• DATASET ENTRIES:
----
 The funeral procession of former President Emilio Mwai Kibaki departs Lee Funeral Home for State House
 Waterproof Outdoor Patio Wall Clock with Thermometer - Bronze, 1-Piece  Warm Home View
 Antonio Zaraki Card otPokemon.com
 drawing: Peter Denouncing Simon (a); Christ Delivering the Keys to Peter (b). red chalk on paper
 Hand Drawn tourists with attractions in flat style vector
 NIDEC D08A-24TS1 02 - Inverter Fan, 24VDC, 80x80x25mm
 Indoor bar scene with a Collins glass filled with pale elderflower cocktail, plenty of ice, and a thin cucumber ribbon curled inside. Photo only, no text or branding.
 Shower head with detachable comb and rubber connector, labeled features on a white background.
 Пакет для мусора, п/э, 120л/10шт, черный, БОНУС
----
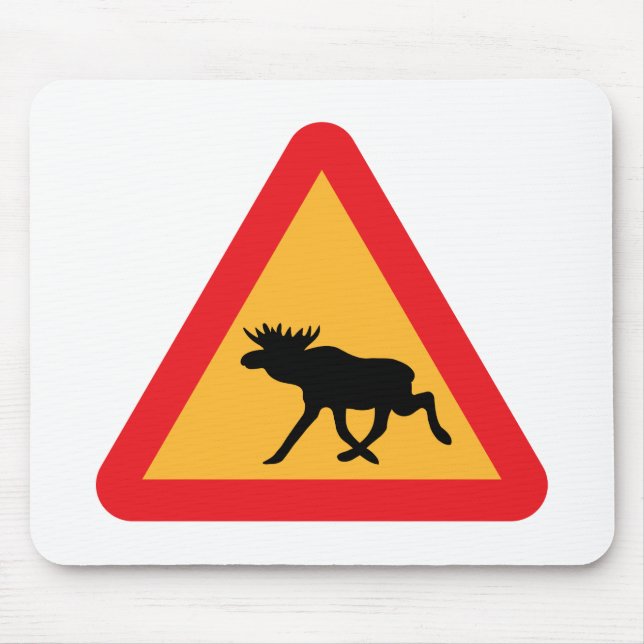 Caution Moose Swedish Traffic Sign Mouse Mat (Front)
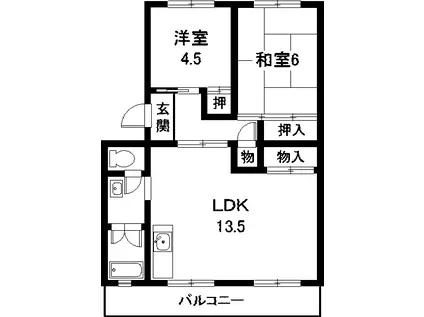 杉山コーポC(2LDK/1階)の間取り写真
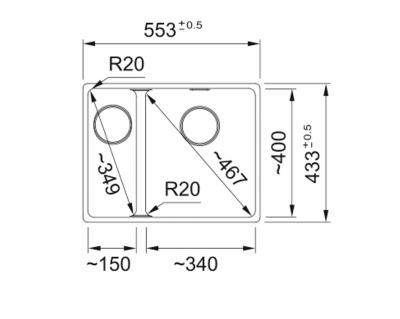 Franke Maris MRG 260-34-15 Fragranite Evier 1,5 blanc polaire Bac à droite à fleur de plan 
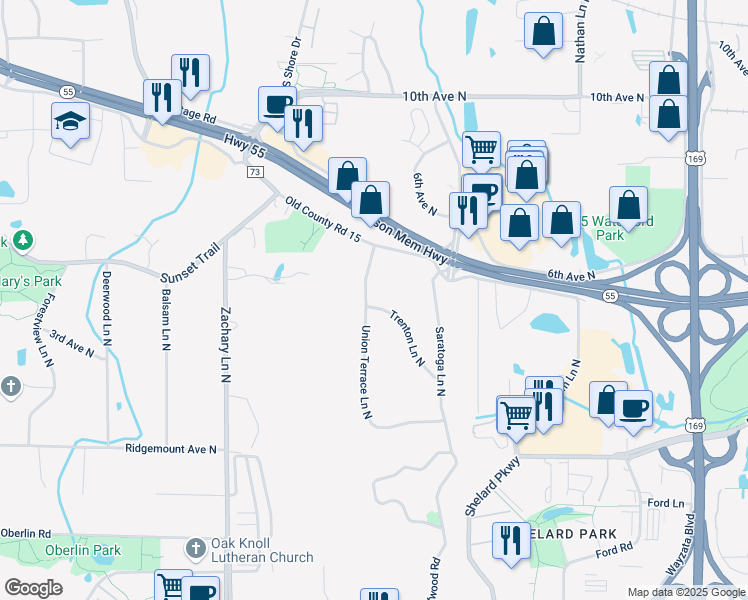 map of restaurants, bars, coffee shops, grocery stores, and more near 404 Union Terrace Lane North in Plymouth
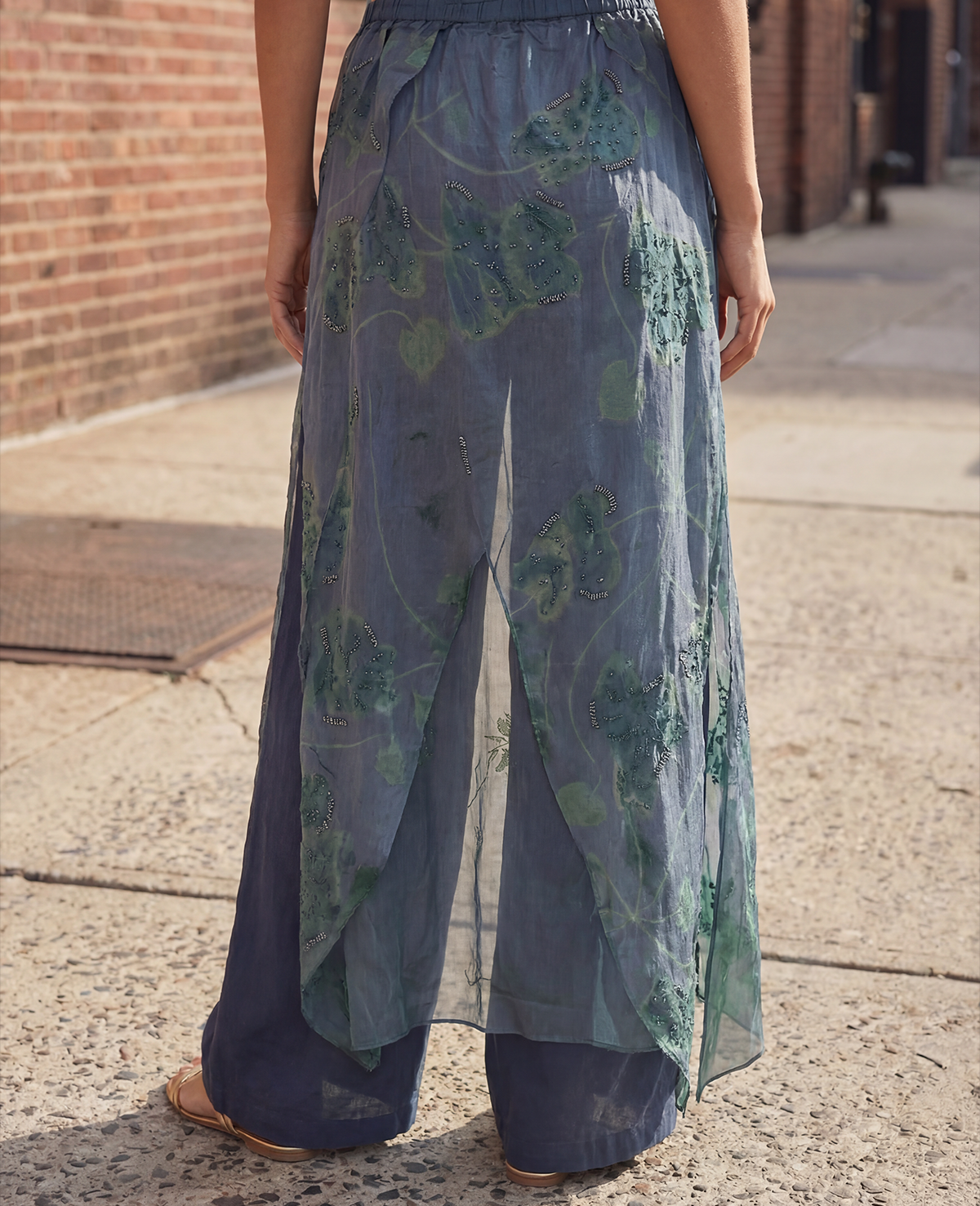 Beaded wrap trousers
----
• EXERCISE INSTRUCTIONS:
Give back the exact lines above, running from the one that has "杉山コーポC(2LDK/1階)の間取り写真" through the one that has "Beaded wrap trousers", with nothing added and no pictures.

• PROBLEM SOLUTION:
 杉山コーポC(2LDK/1階)の間取り写真
 Franke Maris MRG 260-34-15 Fragranite Evier 1,5 blanc polaire Bac à droite à fleur de plan 
 map of restaurants, bars, coffee shops, grocery stores, and more near 404 Union Terrace Lane North in Plymouth
 Beaded wrap trousers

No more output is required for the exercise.